Screenings
Sexually Transmitted Infections (STIs)
All sexually active individuals with a vagina/vulva who are aged 24 and younger should be screened annually for chlamydia and gonorrhea. Those aged 25 and older who have risk factors for STIs, such as having unprotected sex (sex without a condom), a new partner, or multiple partners, should also be screened for both chlamydia and gonorrhea.
Talk with your provider about being screened for syphilis. You may need to be screened if you have multiple partners, have HIV, have exchanged sex for money or drugs, or have been in prison.
All pregnant people should be screened for syphilis, HIV, hepatitis B, and hepatitis C during their first prenatal visit or within the first trimester. Pregnant people aged 24 and younger, as well as older pregnant people (aged 25 and over) with risk factors for STIs, should also be screened for chlamydia and gonorrhea. Those who are at continued risk for STIs should be retested for chlamydia, gonorrhea, syphilis, HIV, and hepatitis B in their third trimester. For those who receive positive chlamydia and/or gonorrhea results, it is recommended to get retested 3 months after treatment.
Additionally, people with a vagina/vulva in high-risk settings and with other risk factors for STIs should consider being tested for trichomoniasis. This includes those with multiple sex partners, those exchanging sex for payment, those using illicit drugs, and those with a history of STIs or incarceration. Those receiving care in high-prevalence settings (e.g., STI clinics and correctional facilities) may also consider testing.
HIV Testing
Everyone between the ages of 13 and 64 should be tested for HIV at least once as part of your routine health care, even if you have never had sex or you think your partner only has sex with you.
You should be tested at least once a year if you have unprotected sex, have had an STI or have a partner who has an STI, have multiple partners, share drug injection equipment (including needles or syringes), or have partners who engage in any of these behaviors.
Cervical Cancer Screening
Starting at age 21, even if you haven’t had vaginal sex, your health care provider should screen for cervical cancer and continue doing so until age 65. Screening means checking for a disease or for changes that might lead to disease. There are two types of testing that can screen for cervical cancer: the Pap test and the HPV test.
The Pap test looks at changes in cervical cells – caused by HPV – that might turn into cervical cancer, if not treated. An HPV test checks cells for infection with high-risk HPV types that can cause cervical cancer. The type and frequency of screening will depend on your age and health history.
People with a vagina/vulva should have their first Pap test at age 21. If the results are normal, they should have the test every three years until age 29. If the results are not normal, your health care provider might recommend more frequent testing.
Those ages 30-65 can usually choose from one of three screening options: 1) HPV test every five years, 2) HPV/Pap test every five years, or 3) Pap test every 3 years.
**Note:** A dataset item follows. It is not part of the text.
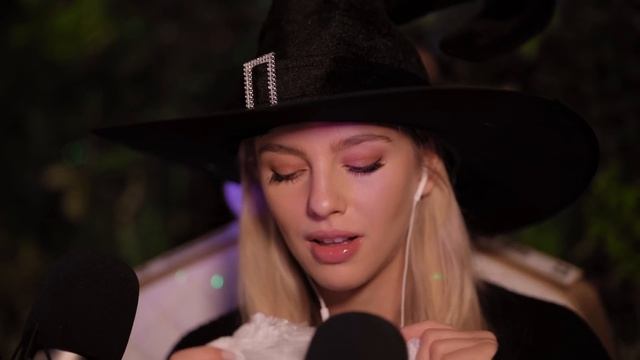 ASMR - Süßes oder Saures? | Alexa Breit смотреть онлайн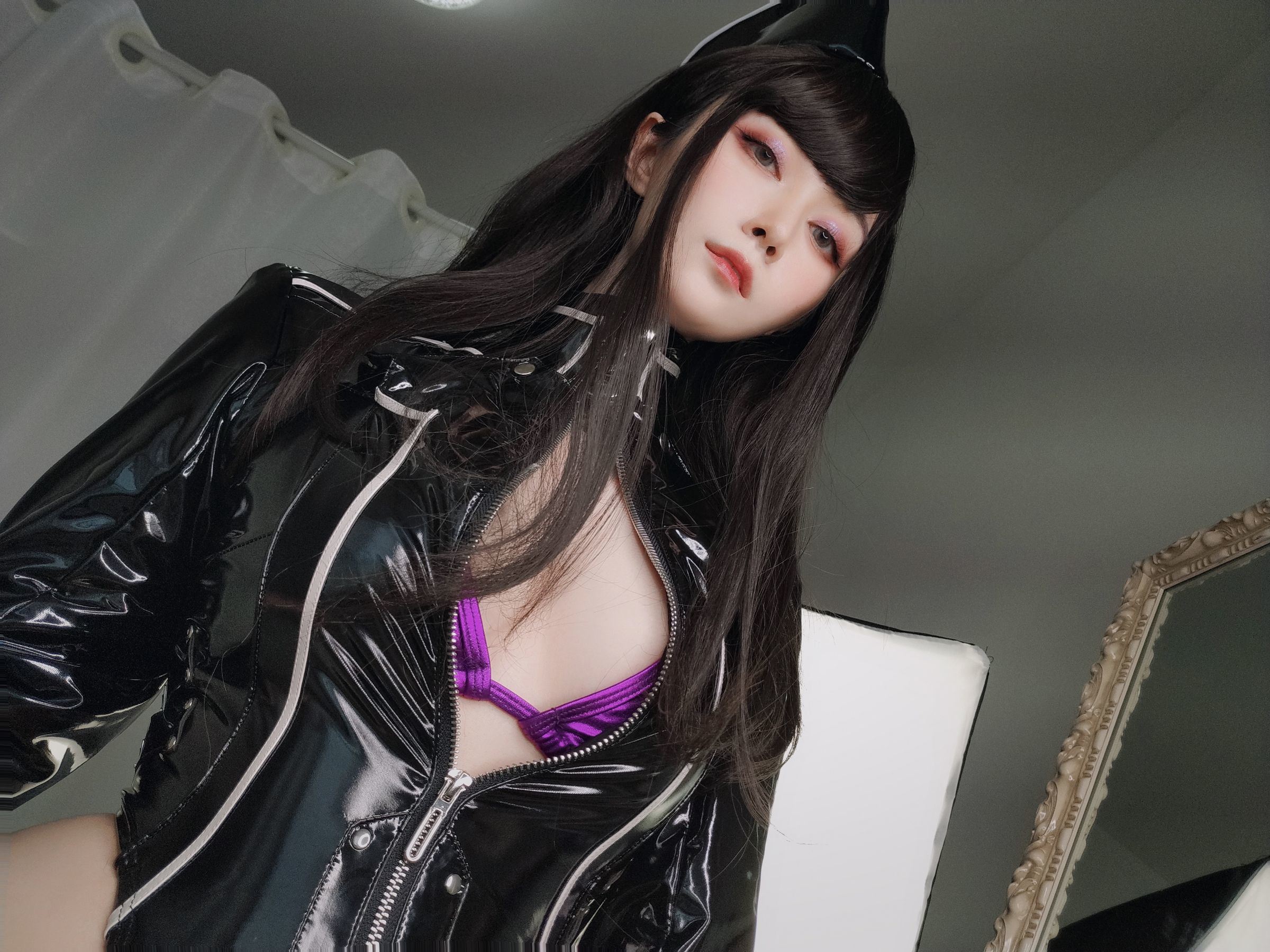 コスプレ] コーサーシャオジェジェバイイン - 通信官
You may need to be screened more often if you’ve had an abnormal result. If so, talk with your provider.
People with a vagina/vulva who are HIV-positive should be screened for cervical cancer within 1 year of sexual activity or initial HIV diagnosis. Testing should be repeated 6 months later.
Remember, a Pap test does not test for STIs, nor does it test for other cancers of the reproductive system.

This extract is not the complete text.